I will never forget Jack’s answer. He said, “Deane Beman (then PGA Tour Commissioner) owes me one and I am confident we can get it on the schedule.”
Jack then said, “Let me tell you something, Charlie. Any course can be made a tournament course if you narrow the fairways, grow the rough and make the greens roll lightning fast.”
That’s what we did. The tour gave us a spot on the schedule in October and the event was very successful. The winners included Mike Hill, Miller Barber, Ben Crenshaw and Jack himself. Incidentally, after Jack’s 1973 victory in the inaugural Ohio Kings Island Open he announced that he was giving all of his winnings to charity.
Some things never change.
The problem was the October date. In the fourth year, the Sunday of the tournament found the Reds in the World Series and the Bengals playing the Browns. That’s when we began thinking seriously about the future.

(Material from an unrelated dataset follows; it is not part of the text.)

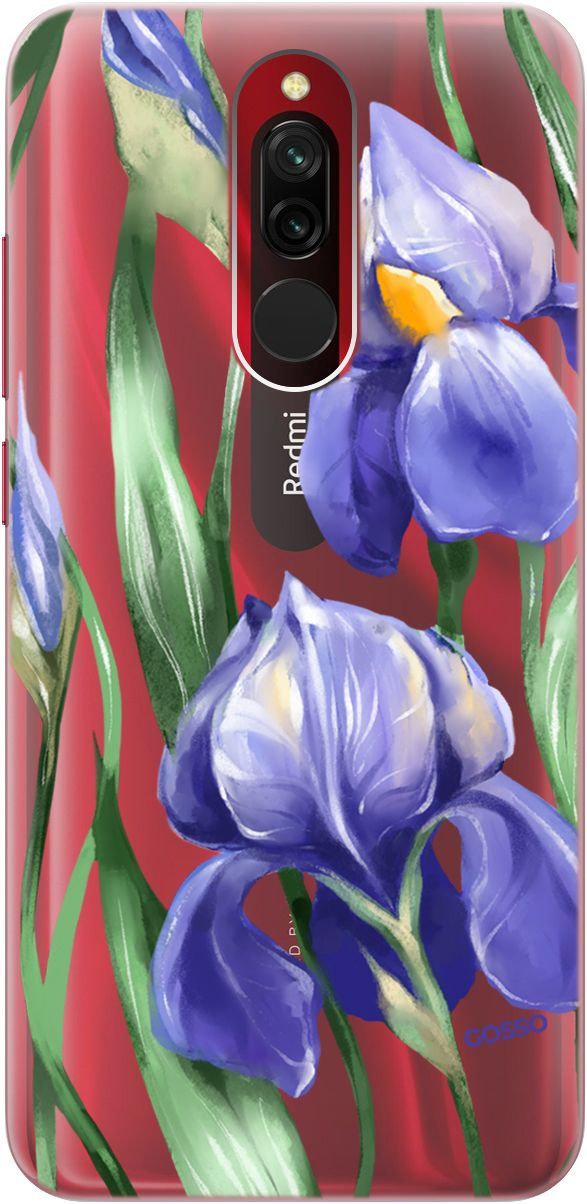 

Силиконовый чехол на Xiaomi Redmi 8 "Amazing Irises" прозрачный, Прозрачный;белый, 707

I had just learned that the LPGA was looking for a new home for its LPGA Championship, a prestigious event and one of their major championships. We made a deal with the LPGA to move their championship to the course in 1978 where it remained for 12 years. We were blessed that Nancy Lopez was in her prime at that time and she lived in a house on the golf course where she won all three of her major championships (1978, 1985 and 1989).

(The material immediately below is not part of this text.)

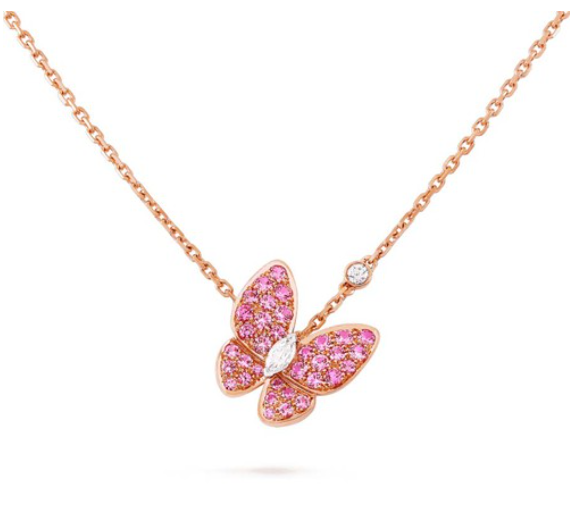 ˇShow YourselfˇBUTTERFLY RED DIAMOND ROSE GOLD NECKLACE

Later, what was then known as the Senior Tour (now Champions) agreed to play an event on that Nicklaus course, making it, by my estimations, the only public golf course to host events on all three tours. The Kroger Senior Classic had a 14-year run in Ohio from 1990-2004. So, Jack’s vision that the course could hold its own against the best proved itself three times.
During the four PGA Tour events that were played there, Jack came to me and to Burch Riber (who was the tournament director) with a strange request. He said that he would like to have an early tee time on one day and a late tee time on the next day so that he could fly to Florida and watch one of his boys play in a football game and still be back to make his time the next day. I don’t remember how we worked this out. What is important is what it shows about Jack’s commitment to his wife and his kids to not let golf conflict with his being a good father.
It is something that I saw many examples of over the years and it is an absolute measure of the man.